What the task requires
Take the line containing "Hibiscus rosa-sinensis" as the first and the last line of the records below as the end, and please set down only what lies between them exactly, both ends included.

Data for processing
^^^^^^^^

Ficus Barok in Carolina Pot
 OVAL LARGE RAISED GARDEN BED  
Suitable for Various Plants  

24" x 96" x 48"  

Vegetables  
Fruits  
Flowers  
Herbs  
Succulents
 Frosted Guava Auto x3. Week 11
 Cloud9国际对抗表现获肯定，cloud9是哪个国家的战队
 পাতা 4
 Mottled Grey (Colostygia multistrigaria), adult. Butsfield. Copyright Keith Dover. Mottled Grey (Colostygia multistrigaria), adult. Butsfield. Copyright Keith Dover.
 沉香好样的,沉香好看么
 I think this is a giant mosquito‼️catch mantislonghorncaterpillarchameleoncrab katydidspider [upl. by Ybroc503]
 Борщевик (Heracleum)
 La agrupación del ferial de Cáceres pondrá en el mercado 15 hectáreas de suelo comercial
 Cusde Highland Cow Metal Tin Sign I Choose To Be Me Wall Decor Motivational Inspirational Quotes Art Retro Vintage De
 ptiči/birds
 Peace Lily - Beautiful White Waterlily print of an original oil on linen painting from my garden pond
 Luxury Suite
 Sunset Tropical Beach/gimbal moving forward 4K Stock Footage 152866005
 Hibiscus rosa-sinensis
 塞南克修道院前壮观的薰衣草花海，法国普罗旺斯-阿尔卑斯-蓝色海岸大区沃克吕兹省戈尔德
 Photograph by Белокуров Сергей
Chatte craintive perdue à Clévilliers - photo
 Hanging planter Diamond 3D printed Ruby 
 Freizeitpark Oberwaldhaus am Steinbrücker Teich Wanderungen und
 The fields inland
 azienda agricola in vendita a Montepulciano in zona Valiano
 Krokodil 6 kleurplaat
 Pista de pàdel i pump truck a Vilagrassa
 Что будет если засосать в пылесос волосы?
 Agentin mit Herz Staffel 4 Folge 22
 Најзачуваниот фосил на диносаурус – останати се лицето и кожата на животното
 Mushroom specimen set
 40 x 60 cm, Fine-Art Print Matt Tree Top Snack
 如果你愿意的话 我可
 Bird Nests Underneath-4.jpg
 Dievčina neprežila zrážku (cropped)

^^^^^^^^

Exercise solution
 Hibiscus rosa-sinensis
 塞南克修道院前壮观的薰衣草花海，法国普罗旺斯-阿尔卑斯-蓝色海岸大区沃克吕兹省戈尔德
 Photograph by Белокуров Сергей
Chatte craintive perdue à Clévilliers - photo
 Hanging planter Diamond 3D printed Ruby 
 Freizeitpark Oberwaldhaus am Steinbrücker Teich Wanderungen und
 The fields inland
 azienda agricola in vendita a Montepulciano in zona Valiano
 Krokodil 6 kleurplaat
 Pista de pàdel i pump truck a Vilagrassa
 Что будет если засосать в пылесос волосы?
 Agentin mit Herz Staffel 4 Folge 22
 Најзачуваниот фосил на диносаурус – останати се лицето и кожата на животното
 Mushroom specimen set
 40 x 60 cm, Fine-Art Print Matt Tree Top Snack
 如果你愿意的话 我可
 Bird Nests Underneath-4.jpg
 Dievčina neprežila zrážku (cropped)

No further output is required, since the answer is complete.